_WHAT THIS TASK INVOLVES:_ From the line that has "a lobby with" down to the last line of the data below, set down every line exactly, but none of the pictures.

_AVAILABLE DATA:_

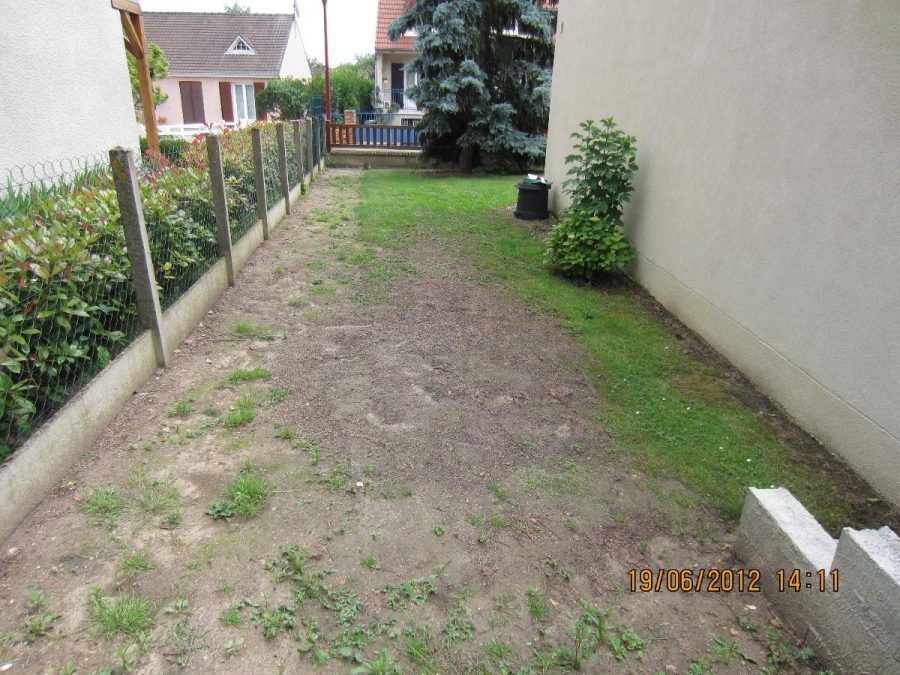 Cour latérale étroite en terre battue entre une maison et un mur, avec une pelouse clairsemée, une clôture et un portail au fond.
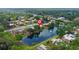Stunning aerial view of a community of townhomes alongside a tranquil pond, showcasing its attractive setting at 135 Moonstone Ct, Port Orange, FL 32129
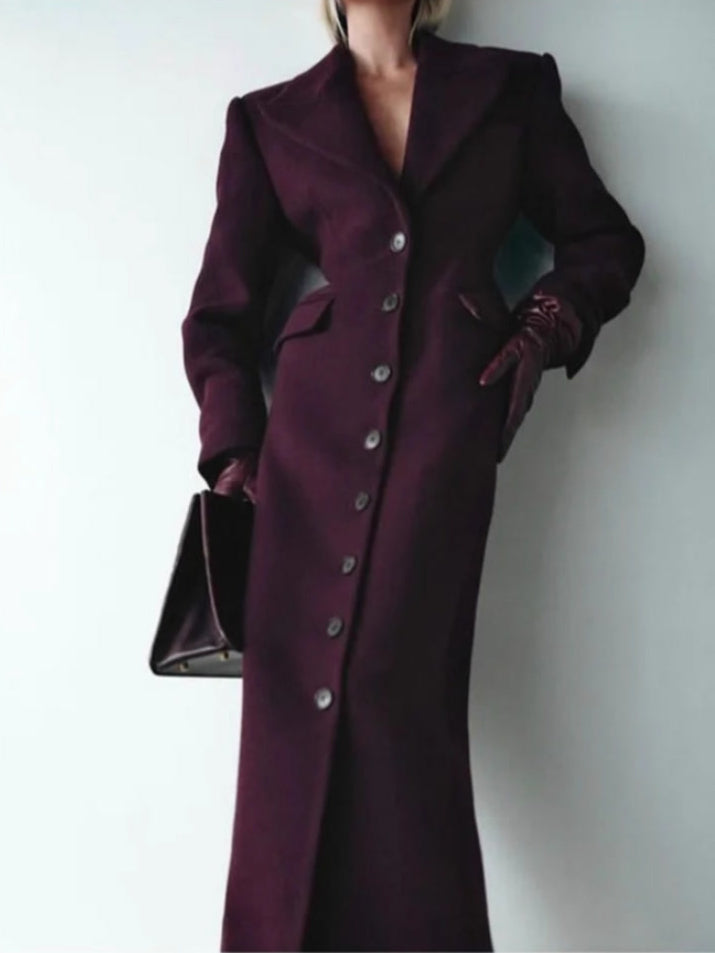 Front of the Cabernet burgundy longline coat worn with a hand in the hip flap pocket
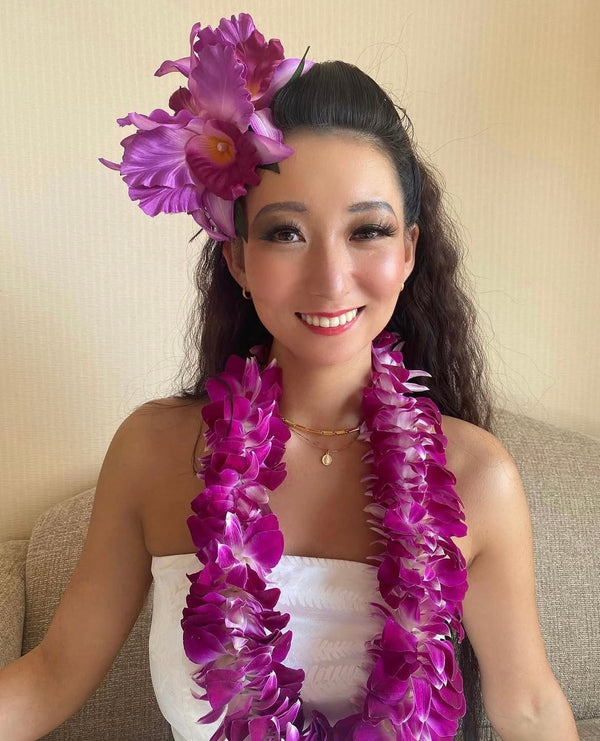 Woman sitting on a couch wearing a purple floral headpiece and a fluffy purple orchid lei.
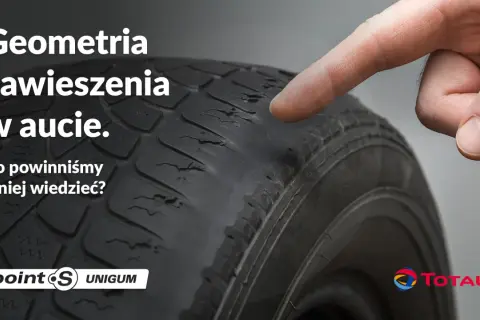 Palec wskazuje na zużyty bieżnik opony, sugerując problemy z geometrią zawieszenia w aucie.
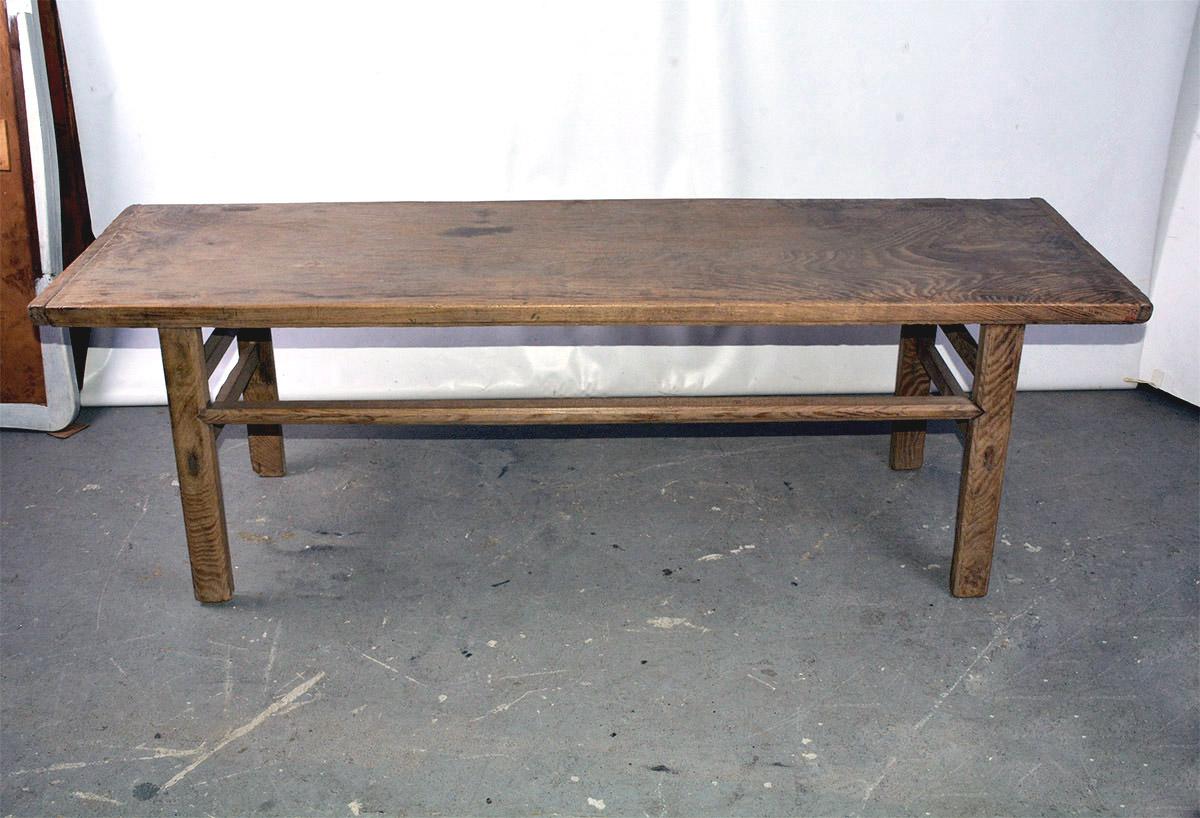 19th century one wide board coffee table atop later base with straight legs and stretchers. Beautiful smooth patina.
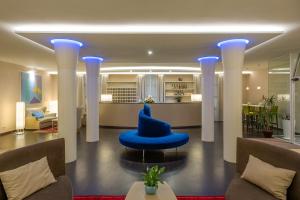 a lobby with a blue chair with a hat on it at Hotel San Marco in Lucca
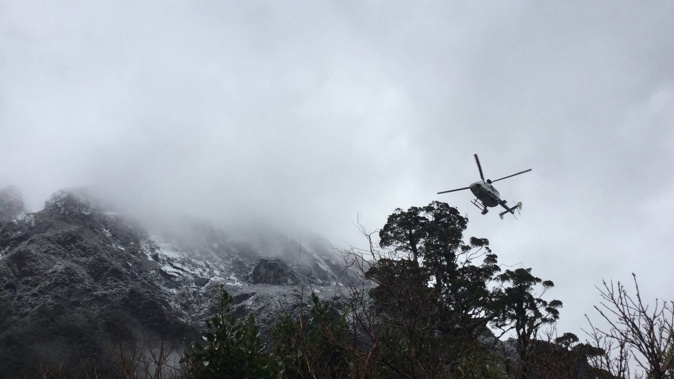 A helicopter hovers above the hut area during hunt for missing man. Photo / Supplied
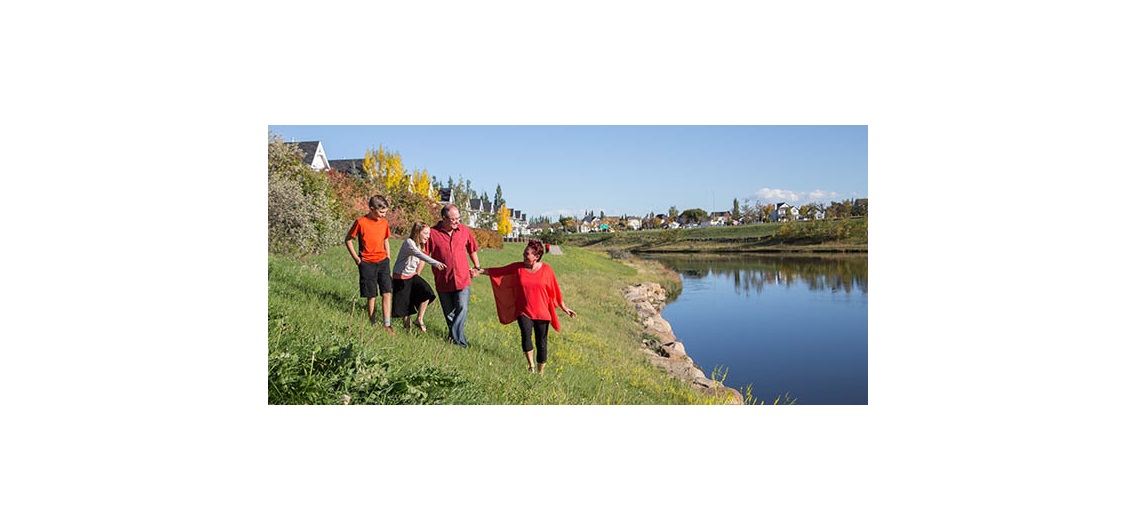 Clifford Koss and Janice Conley with their children Steven and Sophia in McKenzie Towne. Photo by Adrian Shellard/For CREB®Now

_RESPONSE TO THIS TASK:_
 a lobby with a blue chair with a hat on it at Hotel San Marco in Lucca
 A helicopter hovers above the hut area during hunt for missing man. Photo / Supplied
 Clifford Koss and Janice Conley with their children Steven and Sophia in McKenzie Towne. Photo by Adrian Shellard/For CREB®Now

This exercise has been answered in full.